# Foxp-regulated signaling pathways in brain development  - Diversity

> **NIH NIH R01** · UT SOUTHWESTERN MEDICAL CENTER · 2022 · $80,234

## Abstract

RESEARCH AND TRAINING PLAN FOR RACHAEL VOLLMER
A. SUMMARY OF THE FUNDED GRANT
The parent grant (R01MH126481; funding period 06/01/21-05/31/2026) is titled: “Foxp-regulated signaling
pathways in brain development.” Two members of the FOXP family of transcription factors, FOXP1 and FOXP2,
have been linked to monogenetic forms of intellectual disability, autism spectrum disorders, and specific speech
and language deficits. Variants in FOXP1 or FOXP2 are among the most significant genes associated with
autism spectrum disorders. We previously showed that Foxp1 and Foxp2 both have significant contributions to
cortical and striatal development. We linked these developmental changes via studies of gene expression,
electrophysiology, and behaviors. We further identified non-cell-autonomous changes in gene expression using
newly available single-cell RNA-sequencing technology.

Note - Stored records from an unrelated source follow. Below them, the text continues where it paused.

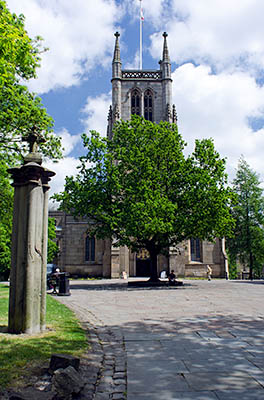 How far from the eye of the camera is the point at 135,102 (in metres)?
44.3

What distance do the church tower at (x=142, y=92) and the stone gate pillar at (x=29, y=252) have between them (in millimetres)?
36918

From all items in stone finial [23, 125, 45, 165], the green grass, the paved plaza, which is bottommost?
the paved plaza

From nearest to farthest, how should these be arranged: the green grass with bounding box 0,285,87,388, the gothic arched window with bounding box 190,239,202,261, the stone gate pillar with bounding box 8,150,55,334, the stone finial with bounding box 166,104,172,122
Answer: the green grass with bounding box 0,285,87,388
the stone gate pillar with bounding box 8,150,55,334
the gothic arched window with bounding box 190,239,202,261
the stone finial with bounding box 166,104,172,122

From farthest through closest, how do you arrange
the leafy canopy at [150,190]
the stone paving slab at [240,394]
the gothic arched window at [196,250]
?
the gothic arched window at [196,250]
the leafy canopy at [150,190]
the stone paving slab at [240,394]

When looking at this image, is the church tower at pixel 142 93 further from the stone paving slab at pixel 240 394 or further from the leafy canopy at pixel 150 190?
the stone paving slab at pixel 240 394

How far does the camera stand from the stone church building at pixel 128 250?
3600 cm

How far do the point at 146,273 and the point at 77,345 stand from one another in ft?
108

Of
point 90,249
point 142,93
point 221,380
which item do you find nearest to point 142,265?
point 90,249

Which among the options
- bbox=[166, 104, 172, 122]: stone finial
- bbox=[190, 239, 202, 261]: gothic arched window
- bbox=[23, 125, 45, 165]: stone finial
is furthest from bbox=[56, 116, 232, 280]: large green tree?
bbox=[166, 104, 172, 122]: stone finial

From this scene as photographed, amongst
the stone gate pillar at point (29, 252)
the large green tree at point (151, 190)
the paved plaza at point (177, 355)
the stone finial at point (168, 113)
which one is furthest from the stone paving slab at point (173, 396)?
the stone finial at point (168, 113)

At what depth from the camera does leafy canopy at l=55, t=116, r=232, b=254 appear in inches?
825

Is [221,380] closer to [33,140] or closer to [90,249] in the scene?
[33,140]

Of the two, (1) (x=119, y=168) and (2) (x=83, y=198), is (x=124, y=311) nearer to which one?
(2) (x=83, y=198)

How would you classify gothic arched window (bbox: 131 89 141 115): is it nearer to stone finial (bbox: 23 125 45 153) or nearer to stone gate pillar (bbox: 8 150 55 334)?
stone finial (bbox: 23 125 45 153) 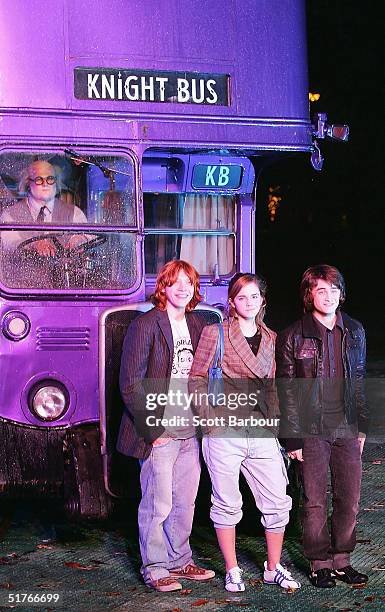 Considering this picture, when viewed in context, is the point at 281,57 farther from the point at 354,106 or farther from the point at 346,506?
the point at 354,106

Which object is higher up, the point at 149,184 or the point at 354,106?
the point at 354,106

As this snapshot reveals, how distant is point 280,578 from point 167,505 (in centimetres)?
74

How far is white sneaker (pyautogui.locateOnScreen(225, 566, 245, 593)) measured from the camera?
22.2 ft

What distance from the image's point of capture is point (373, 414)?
46.8 ft

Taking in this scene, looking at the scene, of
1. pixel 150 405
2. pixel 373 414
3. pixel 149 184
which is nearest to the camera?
pixel 150 405

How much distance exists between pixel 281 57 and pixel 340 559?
3.40 m

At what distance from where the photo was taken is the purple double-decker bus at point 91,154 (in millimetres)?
7754

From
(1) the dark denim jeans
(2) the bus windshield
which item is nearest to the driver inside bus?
(2) the bus windshield

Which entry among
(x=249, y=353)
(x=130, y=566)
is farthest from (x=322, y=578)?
(x=249, y=353)

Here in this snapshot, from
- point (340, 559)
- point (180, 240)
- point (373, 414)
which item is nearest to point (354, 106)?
point (373, 414)

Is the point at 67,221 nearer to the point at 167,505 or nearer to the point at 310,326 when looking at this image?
the point at 310,326

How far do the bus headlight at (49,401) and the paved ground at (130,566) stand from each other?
2.55 feet

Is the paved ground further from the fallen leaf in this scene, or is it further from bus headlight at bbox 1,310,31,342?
bus headlight at bbox 1,310,31,342

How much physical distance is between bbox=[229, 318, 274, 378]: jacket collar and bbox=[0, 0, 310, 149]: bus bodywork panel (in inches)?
68.9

Based on these data, the central hypothesis driving the
work in the parent grant and the proposed supplement is that Foxp1 and Foxp2 are key orchestrators of
transcriptional signaling cascades in a cell type-specific manner that are important for neuronal function and are
at risk in neurodevelopmental disorders such as autism. We propose to identify these cell type-specific
contributions in the developing cortex by using rodent models through two specific aims that will utilize snATAC-
seq: 1) Determine the cell type-specific gene regulatory programs orchestrated by Foxp1 in the developing
cortex; and 2) Determine the cell type-specific gene regulatory programs orchestrated by Foxp2 in the developing
cortex. Together, these aims will delineate the cell type contribution of both Foxp1 and Foxp2 to cortical
development. The rodent models and cell-type specific genomic datasets will provide insight into the basic
molecular mechanisms governing normal mammalian brain development. These research aims support the
mission of the NIMH to understand and develop treatments for mental disorders. Finally, the training plan that
we have described in this proposal will provide Ms. Vollmer with a cutting-edge skill set in neurogenomics.
Aims 1 and 2 of the parent grant are to identify the cell-type specific developmental transcriptional program
regulated by Foxp1 or Foxp2 in the mouse brain using single-nuclei RNA-sequencing (snRNA-seq) at several
time points. These experiments will utilize previously generated Foxp1 and Foxp2 cKO mice already generated
and published using Emx1.Cre (e.g. Araujo et al., Journal of Neuroscience 2017; Usui et al., Genes &
Development 2017; Co et al., Cerebral Cortex 2020). Our lab has also recently applied the approach of single-
nuclei ATAC-sequencing to uncover the cell type specific contributions of gene regulation and signaling
cascades (e.g. Berto et al., Nature Neuroscience 2021). Coupling this chromatin accessibility approach with
gene expression at the cell type level, should provide a new level of resolution for understanding how these
transcription factors ...

## Key facts

- **NIH application ID:** 10478320
- **Project number:** 3R01MH126481-01A1S1
- **Recipient organization:** UT SOUTHWESTERN MEDICAL CENTER
- **Principal Investigator:** Genevieve Konopka
- **Activity code:** R01 (R01, R21, SBIR, etc.)
- **Funding institute:** NIH
- **Fiscal year:** 2022
- **Award amount:** $80,234
- **Award type:** 3
- **Project period:** 2022-01-01 → 2024-12-31

## Primary source

NIH RePORTER: https://reporter.nih.gov/project-details/10478320

## Citation

> US National Institutes of Health, RePORTER application 10478320, Foxp-regulated signaling pathways in brain development  - Diversity (3R01MH126481-01A1S1). Retrieved via AI Analytics 2026-05-24 from https://api.ai-analytics.org/grant/nih/10478320. Licensed CC0.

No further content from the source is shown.